#### Listed entries

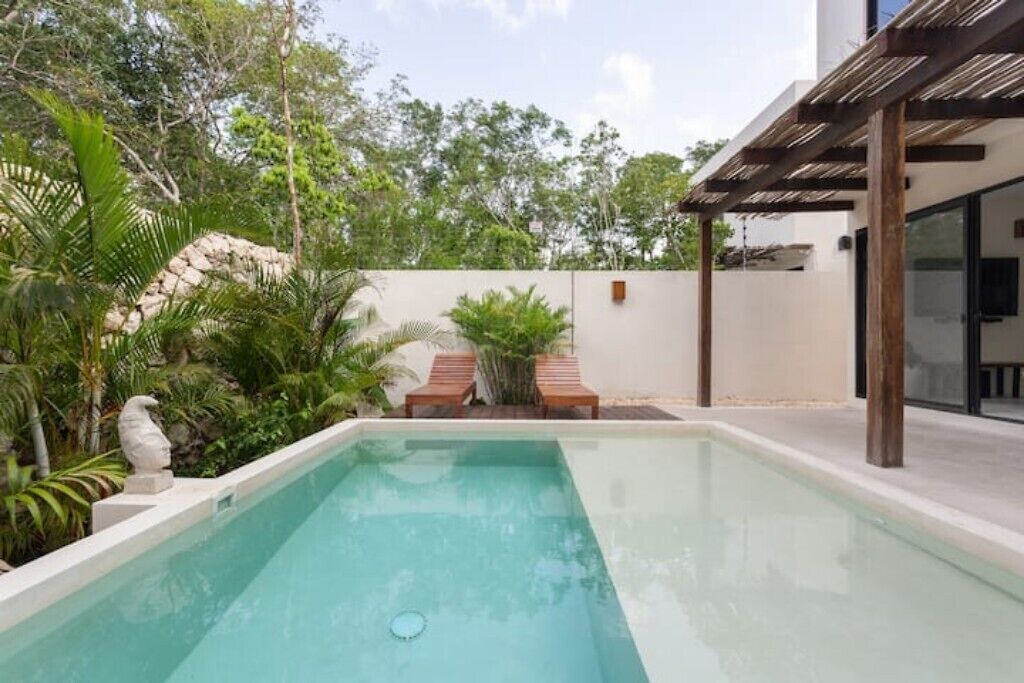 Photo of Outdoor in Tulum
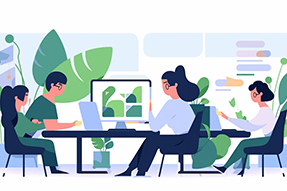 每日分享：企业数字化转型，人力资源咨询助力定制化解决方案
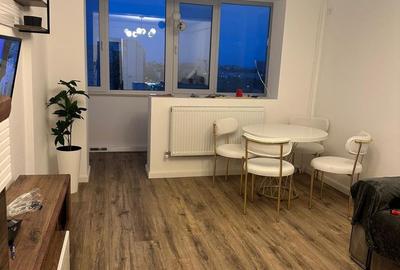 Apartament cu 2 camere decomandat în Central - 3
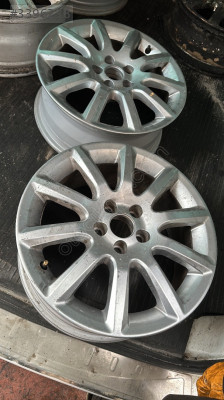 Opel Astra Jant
...
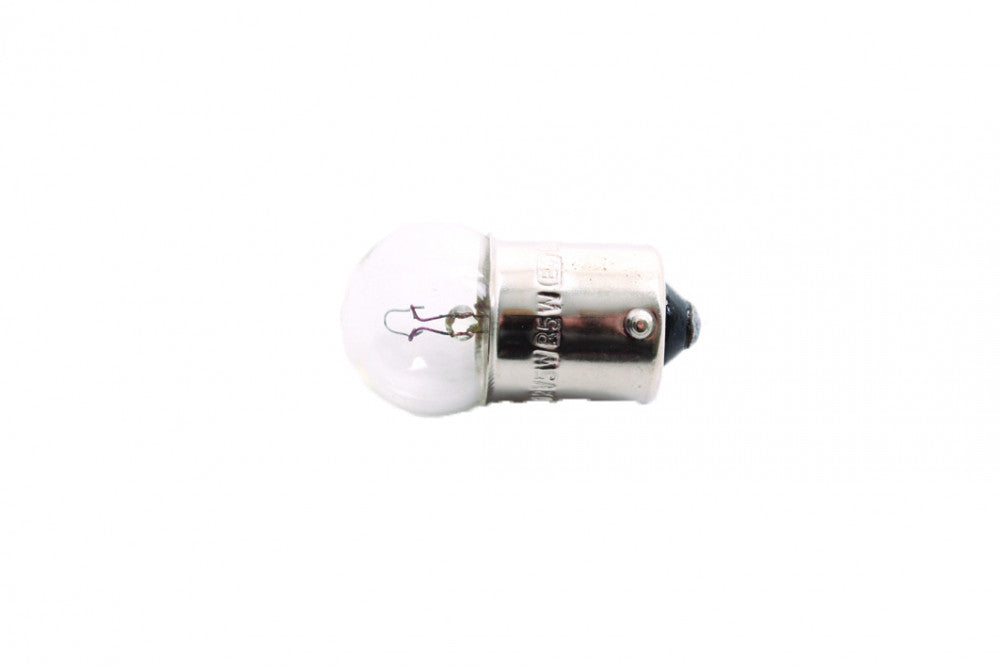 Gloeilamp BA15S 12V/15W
--
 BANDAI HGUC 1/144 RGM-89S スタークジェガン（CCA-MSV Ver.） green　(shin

#### Problem to solve
When you reach the line that has "Apartament cu 2" in the data above, start repeating lines exactly, and stop after the line that has "Opel Astra Jant"; pictures stay out.

#### Task solution
 Apartament cu 2 camere decomandat în Central - 3
 Opel Astra Jant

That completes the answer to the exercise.